**EXERCISE DESCRIPTION**
Pictures must be kept out of the copy. Every entry is to be duplicated exactly.

Extracted data entries
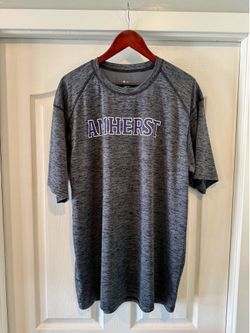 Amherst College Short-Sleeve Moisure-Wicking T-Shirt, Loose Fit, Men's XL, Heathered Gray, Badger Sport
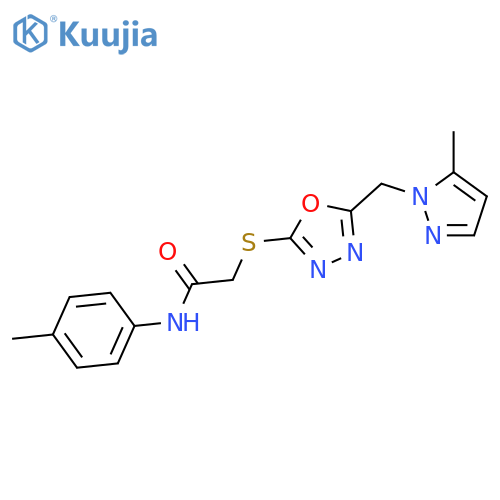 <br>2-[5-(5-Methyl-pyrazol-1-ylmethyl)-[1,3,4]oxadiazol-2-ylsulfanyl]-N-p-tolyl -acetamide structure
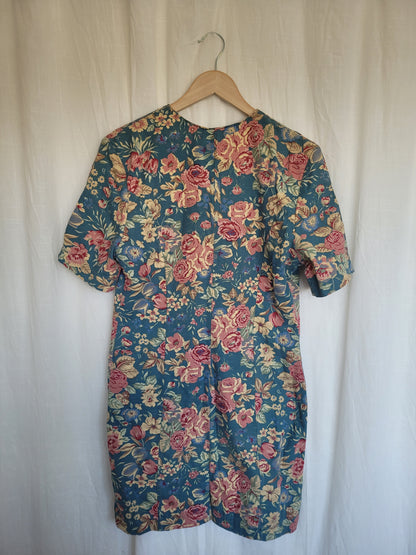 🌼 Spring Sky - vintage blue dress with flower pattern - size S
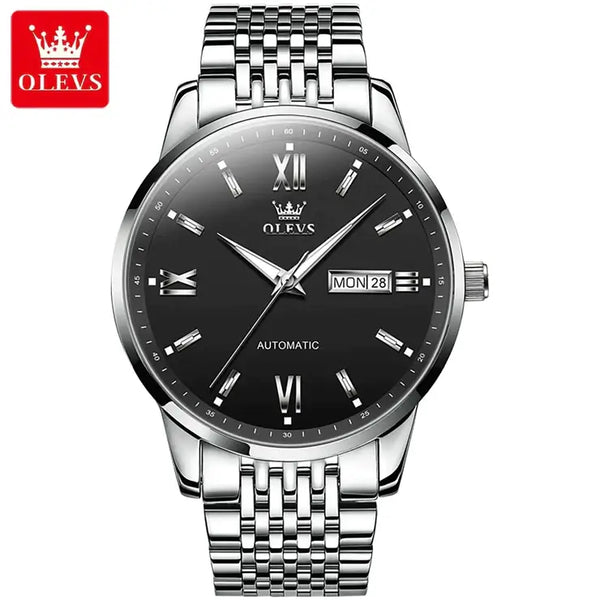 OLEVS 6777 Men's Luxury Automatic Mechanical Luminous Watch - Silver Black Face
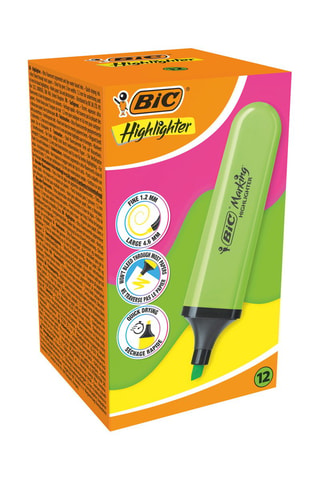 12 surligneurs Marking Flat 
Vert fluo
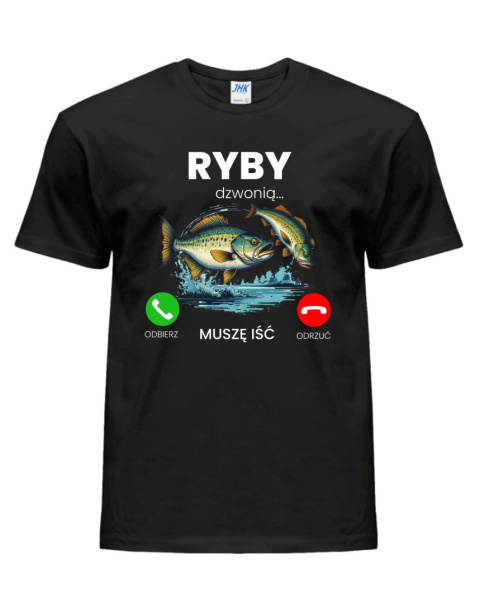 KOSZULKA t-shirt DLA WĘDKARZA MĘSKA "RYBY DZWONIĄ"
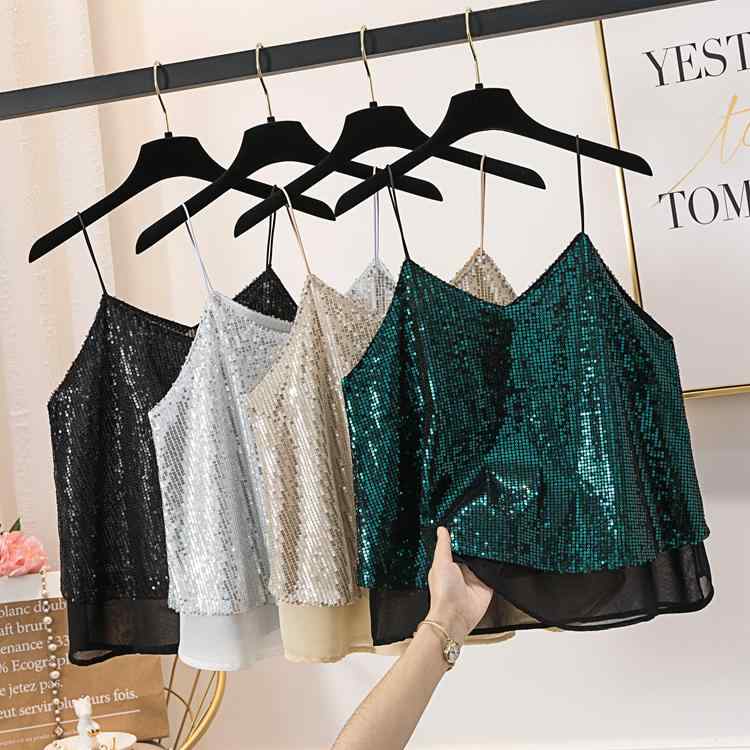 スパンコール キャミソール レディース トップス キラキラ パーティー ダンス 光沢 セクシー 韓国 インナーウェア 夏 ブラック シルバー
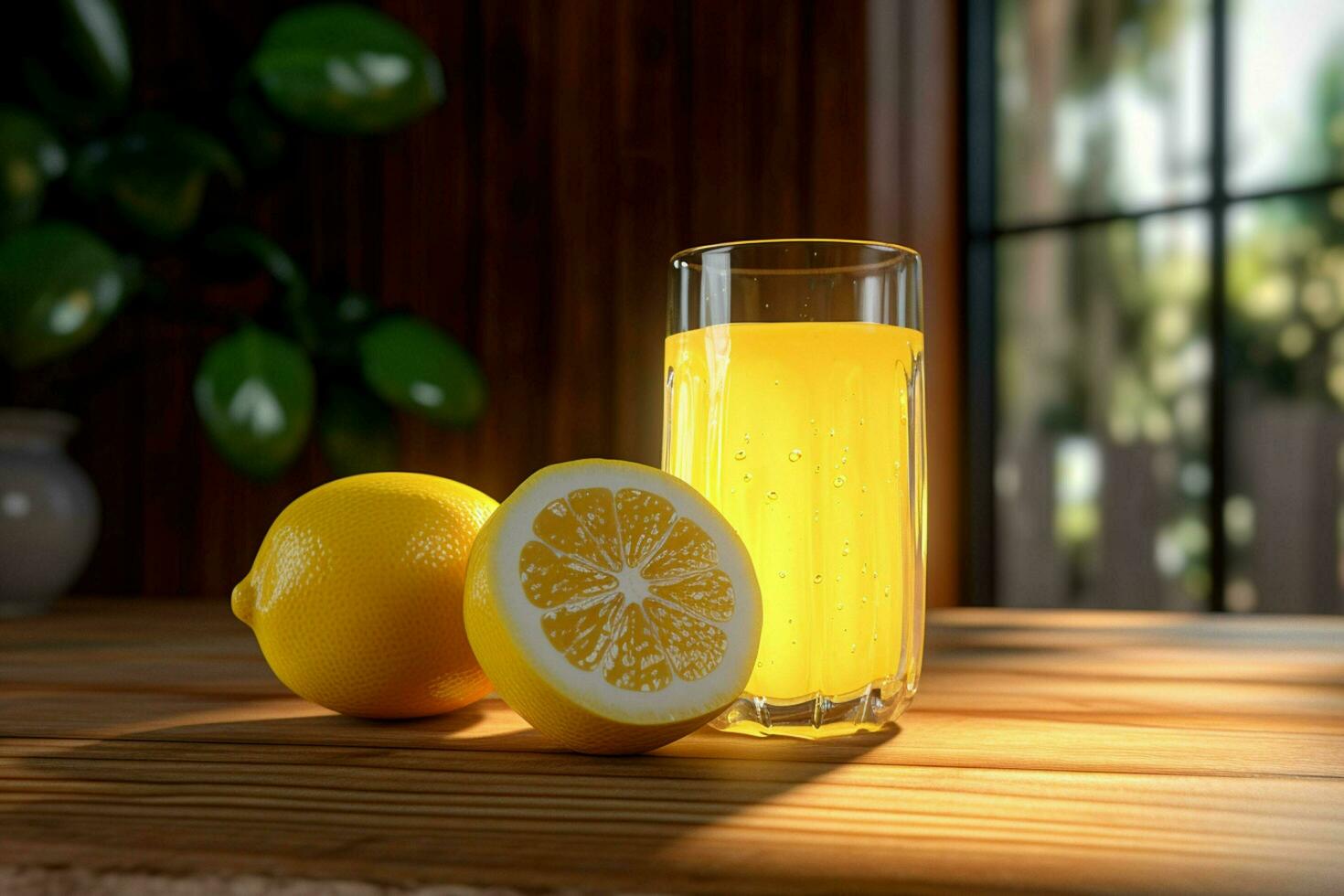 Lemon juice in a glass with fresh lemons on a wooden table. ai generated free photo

**RESPONSE TO THE TASK**
 Amherst College Short-Sleeve Moisure-Wicking T-Shirt, Loose Fit, Men's XL, Heathered Gray, Badger Sport
 <br>2-[5-(5-Methyl-pyrazol-1-ylmethyl)-[1,3,4]oxadiazol-2-ylsulfanyl]-N-p-tolyl -acetamide structure
 🌼 Spring Sky - vintage blue dress with flower pattern - size S
 OLEVS 6777 Men's Luxury Automatic Mechanical Luminous Watch - Silver Black Face
 12 surligneurs Marking Flat 
Vert fluo
 KOSZULKA t-shirt DLA WĘDKARZA MĘSKA "RYBY DZWONIĄ"
 スパンコール キャミソール レディース トップス キラキラ パーティー ダンス 光沢 セクシー 韓国 インナーウェア 夏 ブラック シルバー
 Lemon juice in a glass with fresh lemons on a wooden table. ai generated free photo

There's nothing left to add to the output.